Chemometric analyses are a great tool to support typical experimental studies of the interactions of xenobiotics with natural environment. Such interpretations are able to determine statistically significant correlations and finally lead to identification of the major sorption factors. However, to effectively use chemometrics a bigger data set is required. Even though the ionic liquids are intensively studied, their complete fate or prediction of their behavior in the natural environment is still unclear. Therefore, to evaluate and distinguish the patterns of interactions of ILs in soil environment by chemometrics, sorption of nine ionic liquids (imidazolium and pyridinium chlorides) on 11 types of various soils was tested. Experimental studies indicated that compounds with longer alkyl side chains were sorbed far more strongly than weakly lipophilic ones. Moreover, salts with short and/or hydroxylated derivatives were more mobile in soils/sediments and thus, might cause a danger of contamination of surface or ground waters. Cluster analysis revealed that ionic liquids form two major clusters according to interaction with soil surface - one grouping compounds with short and hydroxylated alkyl side chains and the second with the rest of compounds. Pairwise scatterplots for correlations between soil variables and sorption coefficients indicated that the main soil parameter responsible for the sorption was cation exchange capacity. Correlation of sorption coefficients, K(d), with pH indicated the existence of lower sorption potency in lower pH values.     

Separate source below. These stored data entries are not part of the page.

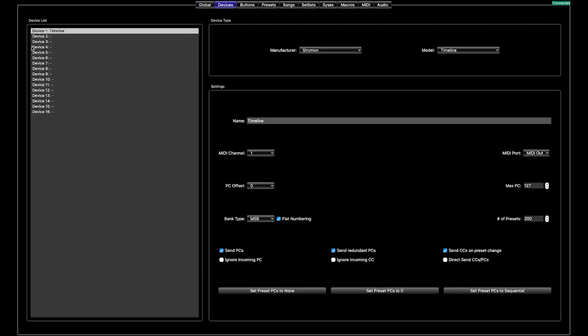Before I go there, I'm just going to show you that I have set up the Timeline on MIDI channel one in devices. If you need more info on this, check out the link above for setting up MIDI devices. You only need to set up the pedals you are going to be communicating with over MIDI on this page — not a pedal like the DD5 which doesn't have MIDI, because you can't set it up there.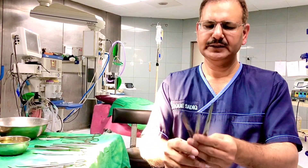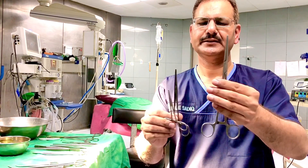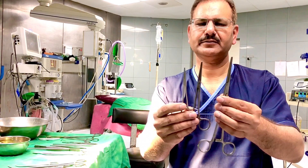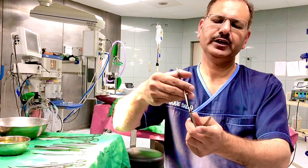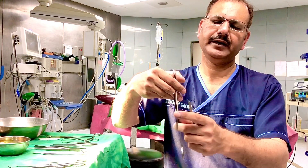Among grasping instruments, these are straight artery forceps in different sizes: large, medium, and small. Straight artery forceps do not have teeth in front of them, and their corrugations are parallel.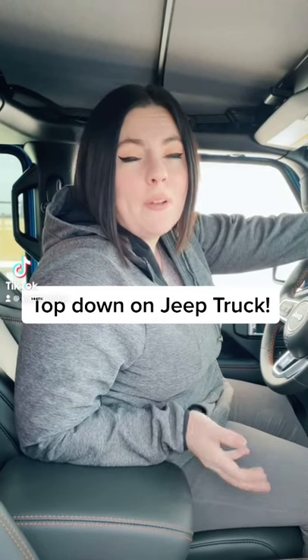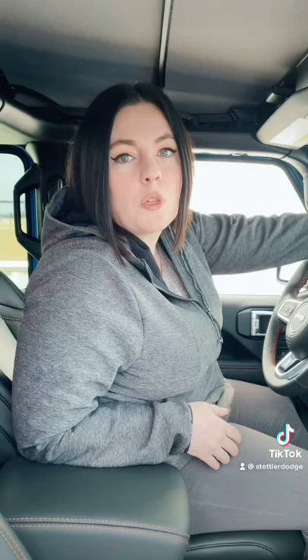Hey guys, today I'm going to show you how easy it is to pull back the top of this 2021 Jeep Gladiator Mojave.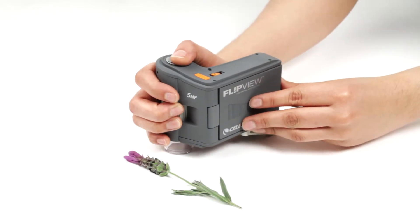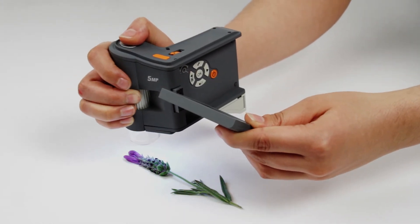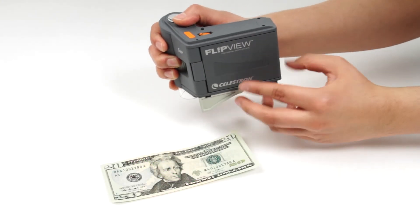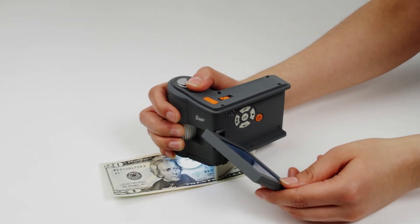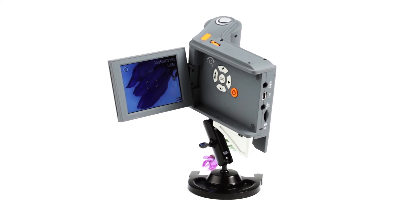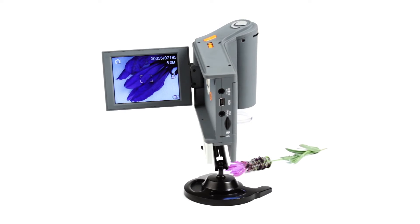Use FlipView three ways to get the best view of your specimen. Handheld mode provides maximum flexibility and versatility. The flip-out kickstand helps FlipView rest on any level surface, ideal for observing flat objects such as currency notes or paper. Or attach FlipView to the articulating metal stand to keep it steady and positioned over larger 3D subjects.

Sulfadimethoxine and sulfaguanidine: their sorption potential on natural soils

Sulfonamides (SAs) are one of the oldest groups of veterinary chemotherapeutic agents. As these compounds are not completely metabolized in animals, a high proportion of the native form is excreted in feces and urine. They are therefore released either directly to the environment in aquacultures and by grazing animals, or indirectly during the application of manure or slurry. Once released into the environment, SAs become distributed among various environmental compartments and may be transported to surface or ground waters. The physicochemical properties of SAs, dosage and nature of the matrix are the factors mainly responsible for their distribution in the natural environment. Although these rather polar compounds have been in use for over half a century, knowledge of their fate and behavior in soil ecosystems is still limited. Therefore, in this work we have determined the sorption potential of sulfadimethoxine and sulfaguanidine on various natural soils. The influence on sorption of external factors, such as ionic strength and pH, were also determined. The sorption coefficients (K_d) obtained for the sulfonamides investigated were quite low (from 0.20 to 381.17 mL g⁻¹ for sulfadimethoxine and from 0.39 to 35.09 mL g⁻¹ for sulfaguanidine), which indicated that these substances are highly mobile and have the potential to run off into surface waters and/or infiltrate ground water. Moreover, the sorption of these pharmaceuticals was found to be influenced by OC, soil solution pH and ionic strength, with higher K_d values for soils of higher OC and lower K_d values with increasing pH and ionic strength.